**TRY IT**
Return each line exactly, beginning with the one that has "Seamless pattern with" and finishing with the final line of the material. Drop any pictures.

DATASET SECTION below:

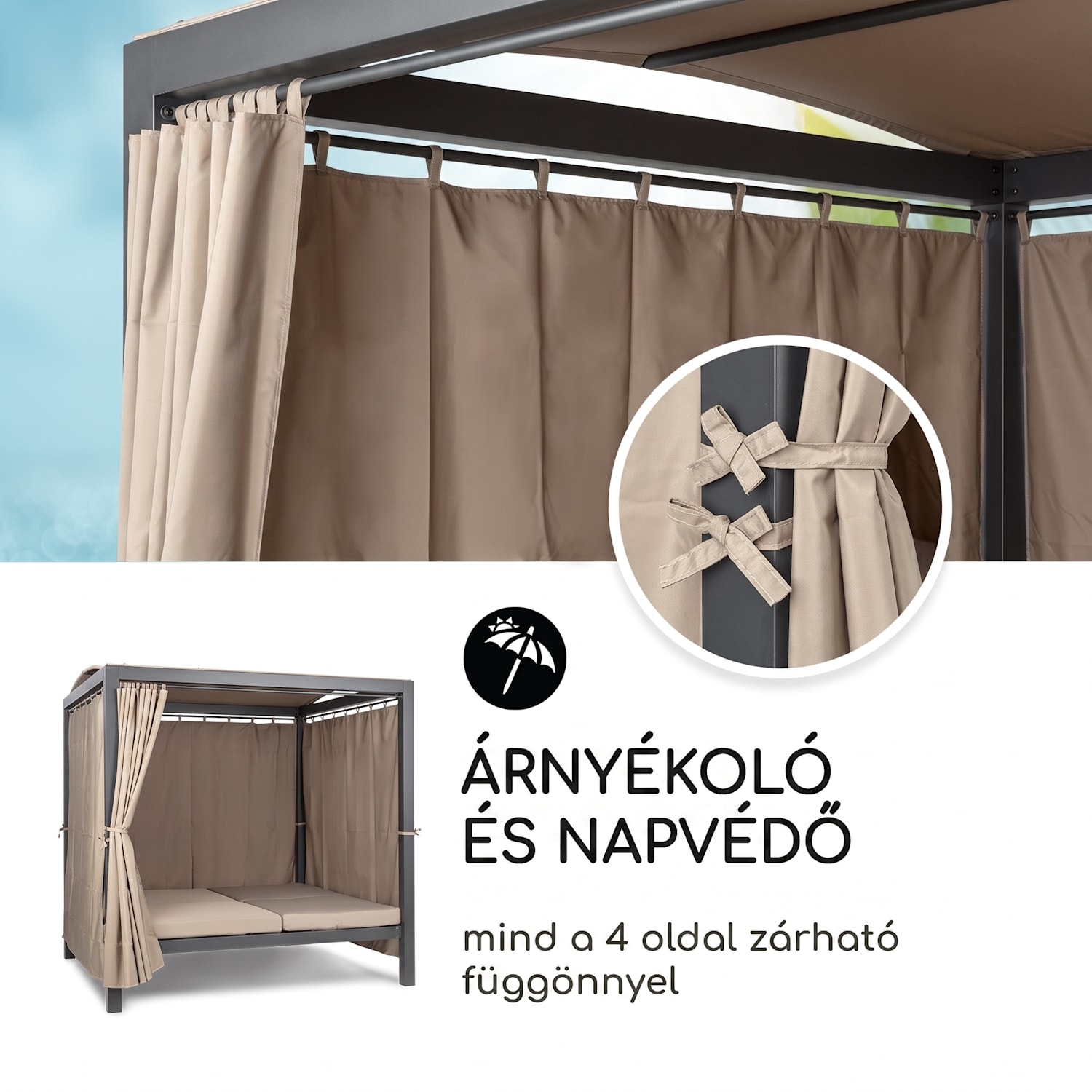 Eremitage Double XL napozóágy, 2 fő, fém váz, tető, függöny Antracit / világosszürke
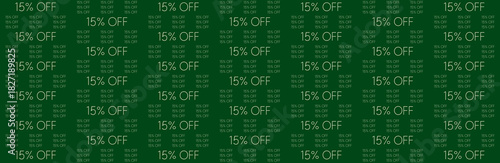 Seamless pattern with repeating 15% OFF text on a dark green background, ideal for sales and promotions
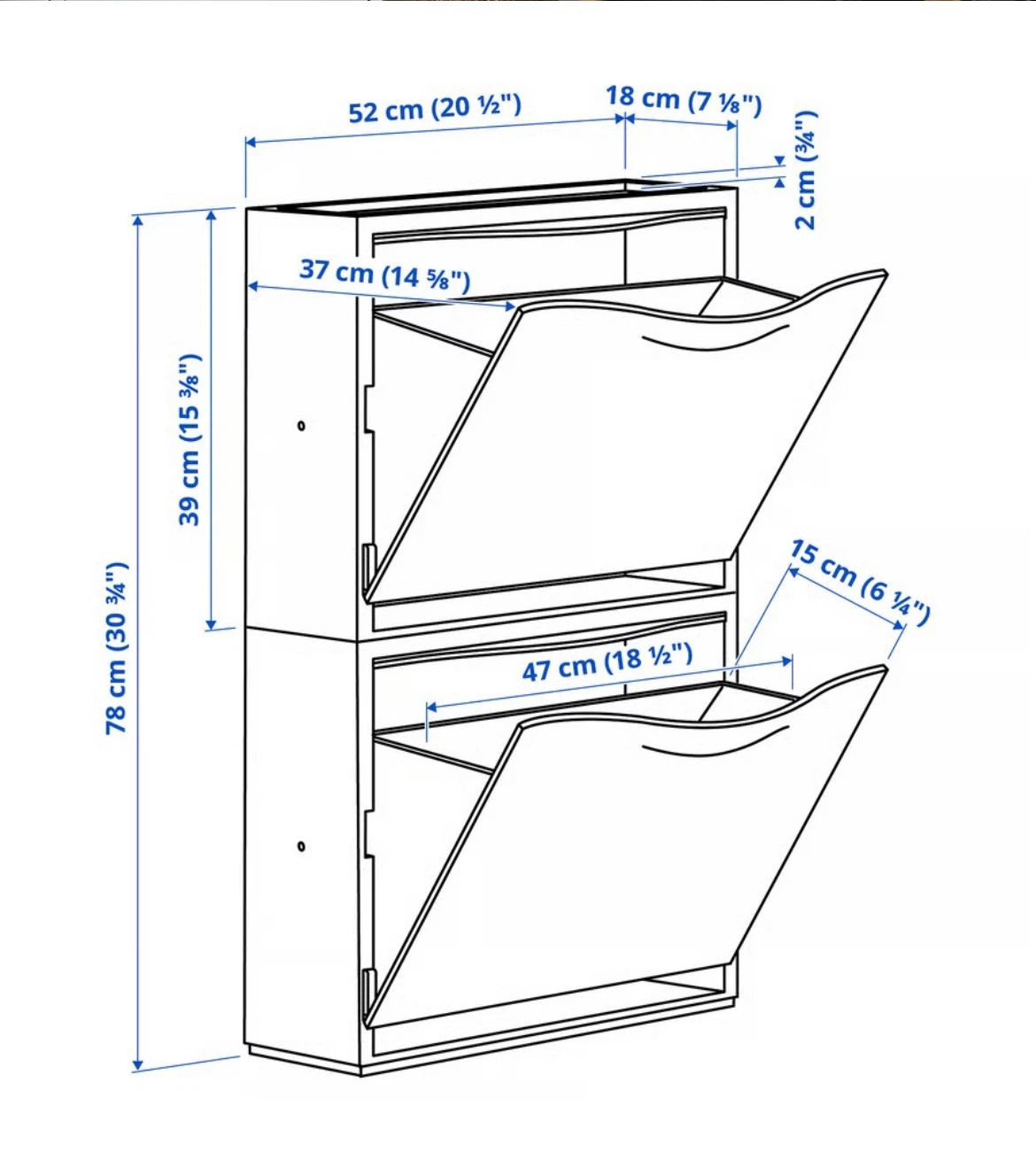 IKEA 2-Tier Slim Shoe Cabinet - photo 3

End of DATASET SECTION.

**PROBLEM SOLUTION**
 Seamless pattern with repeating 15% OFF text on a dark green background, ideal for sales and promotions
 IKEA 2-Tier Slim Shoe Cabinet - photo 3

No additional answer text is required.